After months of uncertainty, U.S. importers now have long-awaited clarity regarding IEEPA-based tariffs. A major recent Supreme Court decision determined that the administration’s use of the International Emergency Economic Powers Act (IEEPA) to impose broad revenue-raising tariffs exceeded presidential authority. This tariff ruling marks a turning point for importers who have collectively paid hundreds of billions of dollars in duties under these measures. With the Supreme Court tariff ruling now final, companies face an urgent need to prepare for refund opportunities, along with new compliance and operational considerations.
However, the decision does not automatically trigger refunds or establish a recovery process.

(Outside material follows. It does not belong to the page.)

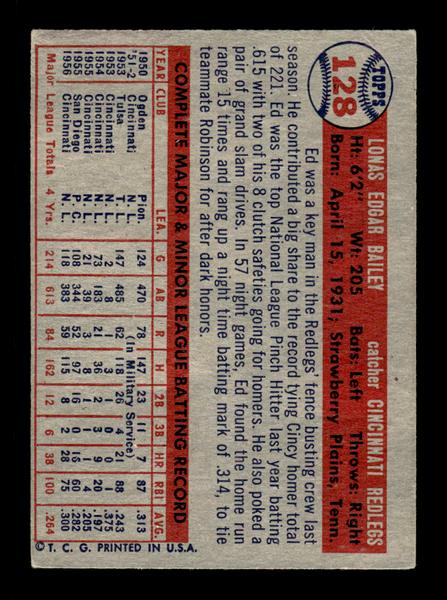 1957 Topps #128 Ed Bailey Cincinnati Redlegs EX HOF-10005556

Instead, implementation responsibility now shifts to the Court of International Trade (CIT) and U.S. Customs and Border Protection (CBP), meaning importers must proactively prepare to preserve refund eligibility and comply with forthcoming procedural requirements.
Why the Supreme Court struck down IEEPA tariffs
The heart of the Supreme Court 6-3 decision lies in congressional authority. According to the majority, tariff power fundamentally resides with Congress, not the executive branch. While the president can impose tariffs under specific, explicitly delegated situations, IEEPA is not among those tools. The Court held that IEEPA is designed for emergency powers, not broad tax or revenue measures, and cannot be interpreted as granting a blank check for unilateral tariff creation. This tariff ruling reinforces that tariff authority must be clearly delegated by Congress and cannot be inferred from general emergency economic powers statutes.
In practical terms, the decision invalidates tariffs imposed under IEEPA authority and prevents their continued use as a legal basis for revenue-raising duties. However, the ruling does not eliminate tariffs imposed under other statutory authorities, including Sections 122, 232, 301 or 338, which remain available to policymakers and may continue to shape tariff exposure moving forward.